2006
Percepção Rápida
Dezembro de 2006


Percepção Rápida

Em outubro de 1987, o Élder Marvin J. Ashton, membro do Quórum dos Doze Apóstolos, falou na conferência geral sobre dons espirituais. Lembro-me com ternura de como a sua mensagem me influenciou na época. As coisas que ele ensinou continuam a influenciar-me hoje. Em sua mensagem, o Élder Ashton descreveu detalhadamente vários dons espirituais menos evidentes — atributos e habilidades que muitos de nós talvez não considerássemos dons espirituais. O Élder Ashton, por exemplo, destacou o dom de perguntar; de escutar; de ouvir e seguir a voz mansa e delicada; de ser capaz de chorar; de evitar contendas; de ser agradável; de evitar vãs repetições; de buscar coisas justas; de procurar a orientação de Deus; de ser um discípulo; de preocupar-se com as pessoas; de ser capaz de ponderar; de prestar um testemunho vigoroso; e de receber o Espírito Santo (ver “There Are Many Gifts”, Ensign, novembro de 1987, p. 20; “Pois Há Muitos Dons”, A Liahona, janeiro de 1988, p. 18).

Outro dom espiritual aparentemente simples e talvez pouco valorizado — a capacidade de ter “percepção rápida” (Mórmon 1:2) — é de fundamental importância para todos nós tanto no mundo atual quanto no futuro.

O Dom Espiritual da Percepção Rápida

Todos aprendemos importantes lições com os personagens principais do Livro de Mórmon.

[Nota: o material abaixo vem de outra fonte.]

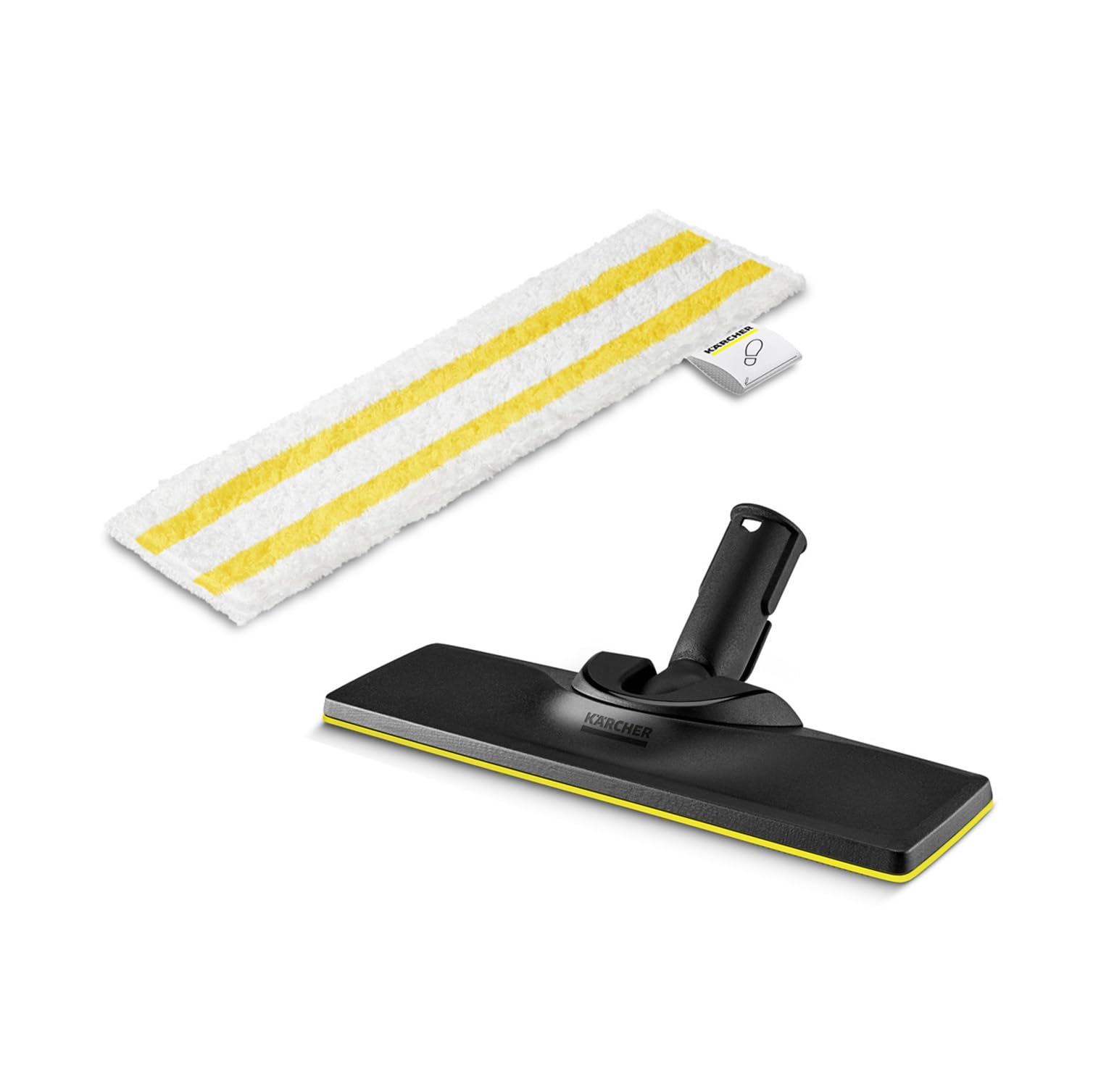 Kärcher Bodendüsenset EasyFix, 1 EasyFix-Bodendüse mit innovativer Lamellen-Technologie, 1 Universal-Bodentuch aus hochwertiger Feinstfaser, Original-Zubehör für die Kärcher Dampfreiniger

Ao lermos e estudarmos a vida de Néfi, Lamã, Alma, rei Noé, Morôni e muitos outros, descobrimos o que devemos e o que não devemos fazer, e compreendemos mais plenamente o tipo de pessoa que devemos e que não devemos ser.

Em meu estudo do Livro de Mórmon, fiquei particularmente impressionado com certa descrição de Mórmon, o principal compilador do registro nefita. A descrição específica daquele nobre profeta que eu gostaria de destacar encontra-se nos primeiros cinco versículos do primeiro capítulo de Mórmon:

“E agora eu, Mórmon, faço um registro das coisas que vi e ouvi e chamo-o Livro de Mórmon.

E em torno da época em que Amaron ocultou os registros para o Senhor, veio ele até mim (quando eu tinha uns dez anos de idade) (…) e disse-me: Vejo que és um menino sério e de percepção rápida.

Portanto, quando tiveres cerca de vinte e quatro anos, quero que te lembres das coisas que houveres observado em relação a este povo; (…)

E eis que (…) gravarás nas placas de Néfi todas as coisas que tiveres observado em relação a este povo.

E eu, Mórmon (…) lembrei-me das coisas que Amaron me ordenara” (Mórmon 1:1–5; grifo do autor).

Mórmon, mesmo sendo muito jovem, é descrito como tendo “percepção rápida”. À medida que vocês estudarem, aprenderem e crescerem, espero que também estejam aprendendo a ter percepção rápida. Seu sucesso e felicidade futuros serão em grande parte determinados por essa capacidade espiritual.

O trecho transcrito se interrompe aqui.